Leonardo Da Vinci
Estudos de feto no útero, a parede uterina e a placenta, com mecânica e óptica
Quando eu era pequena achava o entardecer lindo. Todas aquelas cores luminosas e dispersas olhando para a terra. Enfim. Desejava um dia poder colocar no papel, com meus lápis de cor Faber-Castell, todas as formas nobres que o céu assume pouco antes de receber a lua. Um dia tentei. O estojo era aquele de “dois andares”, lembra? Com “Aquarela” no comercial da TV. O resultado foi medonho. Talvez se eu tivesse todas as cores e as tintas especiais dos grandes pintores o resultado fosse diferente. Talvez me descobrissem como grande promessa da pintura mundial. Não entendo como tanta fantasia cabe na cabeça minúscula de uma criança, e como essa fantasia toda vai embora depois que a criança cresce. A rigor, se o cérebro cresce, existe então mais espaço para mentalizações surreais, certo? Não precisa responder. Óbvio que nunca consegui imitar a natureza. Às vezes me contento em vê-la, acima de mim ou sob os meus pés, ou ao meu lado. Existe coisa mais perfeita do que um corpo humano, com todos os seus cantos, encantos, encontros e todas as suas falhas? Ainda – e Caio Fernando Abreu sabia muito bem disso quando falou em carnes, cheiros, pobreza e nobreza do corpo do outro – todas essas pequenas falhas expostas ao julgamento? Nada é mais humano e natural do que isso. Me contento, e isso pra mim é pouco, em fazer parte dessa natureza. Boris Vian me entenderia:
“Quero uma vida em forma de espinha
Num prato azul
Quero uma vida em forma de coisa
No fundo dum sítio sozinho
Quero uma vida em forma de areia nas minhas mãos
Em forma de pão verde ou de cântara
Em forma de sapata mole
Em forma de tanglomanglo
De limpa chaminés ou de lilás
De terra cheia de calhaus
De cabeleireiro selvagem ou de édredon louco
Quero uma vida em forma de ti
E tenho-a mas ainda não é bastante
Eu nunca estou contente”
Depois desse último verso chega então o momento em que Ferreira Gullar vocifera: “Mas que discurso chato! O que foi que Beckett fez contigo, menina?”. Fique sossegado, Gullar. Beckett é inocente. Nem todo teatro do absurdo dele nasce em mim.

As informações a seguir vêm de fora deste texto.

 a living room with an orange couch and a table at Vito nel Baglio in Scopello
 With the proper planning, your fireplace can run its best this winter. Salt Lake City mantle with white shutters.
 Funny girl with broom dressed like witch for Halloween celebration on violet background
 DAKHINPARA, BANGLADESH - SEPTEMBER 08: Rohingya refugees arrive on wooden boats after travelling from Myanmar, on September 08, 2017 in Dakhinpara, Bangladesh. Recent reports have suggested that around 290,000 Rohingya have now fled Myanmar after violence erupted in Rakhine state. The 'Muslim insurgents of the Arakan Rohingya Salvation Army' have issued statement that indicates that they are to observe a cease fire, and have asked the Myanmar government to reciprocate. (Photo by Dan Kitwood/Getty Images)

“Eu nunca estou contente” não me parece pessimista. Encontro nisso um recurso megalomaníaco que me torna um pouco ansiosa, na verdade. Não cabe em mim a vontade de viver. Eu disse EM mim, e não A. É um pensamento circular e inútil, só como pensamento. Não sei exatamente como vou plantar minha eternidade. Dizem que toda obra de arte é uma tentativa de transcender a morte e a inevitável finitude do corpo. Apego à vida, em essência. Permanecer na terra por um pouco mais de tempo do que o corpo. Shakespeare que o diga. Leonardo Da Vinci, então? Arte e ciência em um corpo só. GÊNIO.

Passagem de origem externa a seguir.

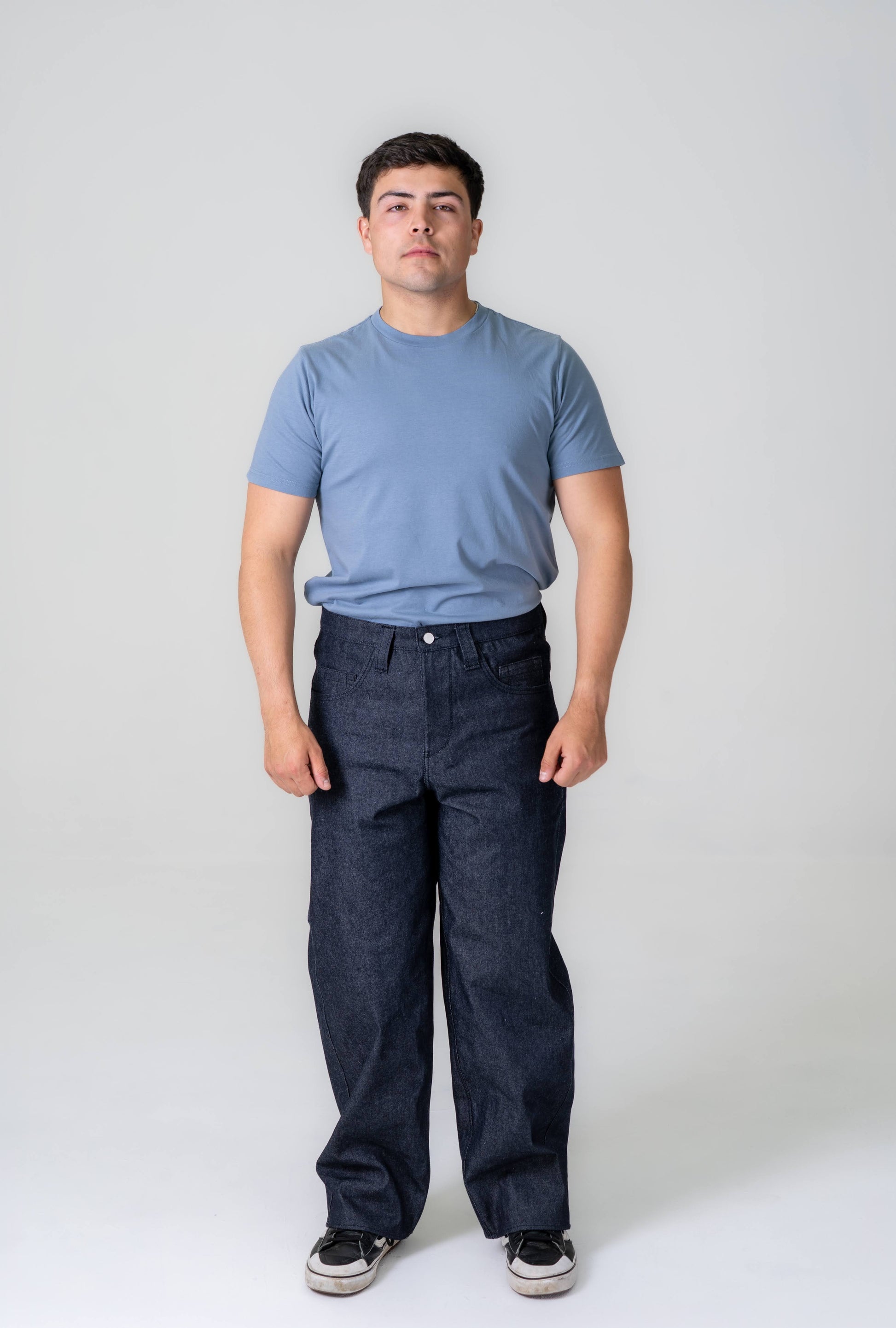 Man wearing a blue t-shirt and dark jeans against a white background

(Garçom, traz mais uma cerveja?)
Mas não sou artista, não tenho dons grandiosos como pintura, matemática, filosofia. Não sou cientista. Não sei arquitetar teorias ou grandes argumentações que tenham alcance mundial. Não tenho a resposta para a maioria das tuas perguntas. E agora vocês vão me dizer que a maternidade foi a forma encontrada pela natureza (Eu uso a palavra natureza. Não sei exatamente o que pensar quando falo em ORIGEM DO UNIVERSO E DAS ESPÉCIES) para que a eternidade fosse alcançada. Não! Não é disso que falo! Acho bonito pensar assim e tudo mais. Faz sentido. Mas sem poesia agora. Não estou falando disso. Falo do MEU corpo mesmo, dos MEUS anseios. Do começo e do fim de uma vida. Nascimento e morte. Existe um teor orgânico em tudo isso. E para onde iria a vontade de viver, se no próprio corpo ela não caberia? Se tudo sucumbe assim, o que é que fica?

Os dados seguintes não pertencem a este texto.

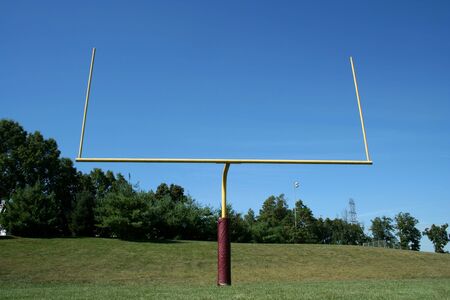 A Football goal post against a blue skyの写真素材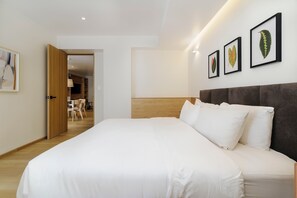 A hotel room with a large bed, a wooden headboard, and a dining area visible through an open door. - w | Upscale 2BR with Private Terrace in Roma Norte (Ciudad de México)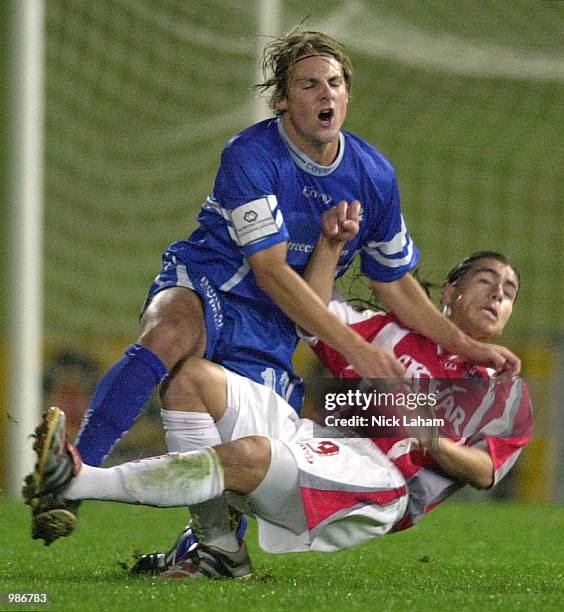 Damon Collina of Olympic is fouled by Rody Vargas of the Knights during the NSL Minor semi-final between Sydney Olympic and the Melbourne Knights at...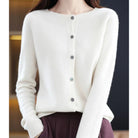 Women's black cardigan featuring a button front and relaxed fit, made from soft stretch knit fabric, perfect for layering and comfortable wear. 0
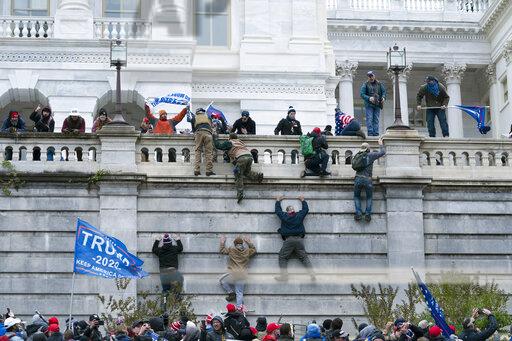 Supporters of President Donald Trump climb the west wall of the the U.S. Capitol on Wednesday, Jan. 6, 2021, in Washington. (AP Photo/Jose Luis Magana)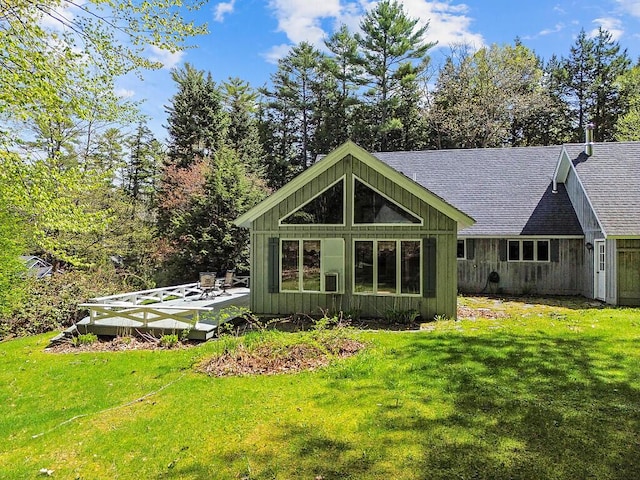 66 Brickett Point Ests, Oakland, ME 04963 - back of property featuring board and batten siding, a shingled roof, a lawn, and a deck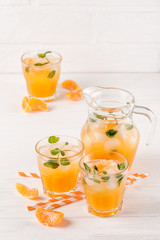 Mandarin cocktail with ice and mint in beautiful glasses and jug, fresh ripe citrus on white wooden background. Sweet orange juice. Close up photography. Selective focus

Um filho faria parte da minha vida enquanto ela existisse fisicamente, seria a continuação de uma parte do meu corpo na forma de outro ser, com idéias próprias e coração como tambor. Não seria EU. Entende ou acha egocêntrico? Não importa. Não seria EU. Sístoles e diástoles morrem comigo. E o que eu fiz/farei no mundo para justificar a minha existência?